NASA grant awarded for nanotube research

Rice’s Carbon Nanotechnology Laboratory recently received a grant for a project that could help send humans to Mars.

NASA’s Exploration Systems Mission Directorate has granted the CNL an $11 million, four-year contract to help develop conductive cables composed entirely of nanotubes.

Howard Schmidt, the executive director of the CNL, said the project is the laboratory’s largest.

‘While the CNL has had about a dozen projects, none have been of this caliber,’ Schmidt said. ‘The NASA contract brings the CNL to the center of research and development.’

The goal of the project is to provide a feasible way to conduct electricity for the next generation of spaceships, Schmidt said.

The new spaceships will need 10 times more power than today’s models, and using current technology to achieve this power would make the power distribution system 25 percent of the spaceship’s weight, as compared to 7 percent in current spaceships.

But quantum wire, the conducting cable CNL plans to develop, will conduct electricity 10 times more efficiently than copper at one-sixth the weight, Schmidt said.
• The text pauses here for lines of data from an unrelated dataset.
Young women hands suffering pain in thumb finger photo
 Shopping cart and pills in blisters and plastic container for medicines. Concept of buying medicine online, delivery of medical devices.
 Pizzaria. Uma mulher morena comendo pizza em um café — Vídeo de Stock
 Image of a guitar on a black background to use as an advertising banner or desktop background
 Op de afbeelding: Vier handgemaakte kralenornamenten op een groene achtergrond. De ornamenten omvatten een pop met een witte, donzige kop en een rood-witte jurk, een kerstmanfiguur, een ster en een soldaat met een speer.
The contract calls for the CNL to provide NASA a one-meter prototype of quantum wire by 2009. Duke University, the University of Pennsylvania, Houston-based Carbon Nanotechnologies Inc., as well as NASA’s Johnson Space Center and Glenn Research Center will work with Rice on the project.

Schmidt said the team’s goal is to find a way to make pure metallic nanotubes and process them into fibers, wires and cables.

The majority of the research will be conducted by graduate students, post-doctorates and staff scientists, but undergraduates will also contribute to the research.

Jones College sophomore Dorothy Koveal said she and Baker College junior Michelle Afkhami are working to find a simple and cost-effective way to grow single-walled nanotubes.

‘The work we do is so straightforward that it is easy to lose track of how important the results are,’ Koveal said. ‘Simply put, we hook a catalyst onto the end of a nanotube and try to grow it out.’

Baker College junior Erica Flor said she and Martel College freshman Kunal Shah are working to find a way to cut nanotubes.

‘We hope to accomplish this by using a strong oxidizing solution that will exploit damage sites in the tube and cut a circle around its circumference,’ Flor said.

Schmidt said long-term advances, such as using nanotubes for long-distance power distribution, could stem from the CNL’s research.

‘As fossil fuels become sparse, we will have to switch to other sources of energy whose sources will be [different] from energy sources today,’ he said. ‘Nanotubes will provide an efficient way to transport that energy.’

The CNL was founded in 1999 as part of the Rice Quantum Institute.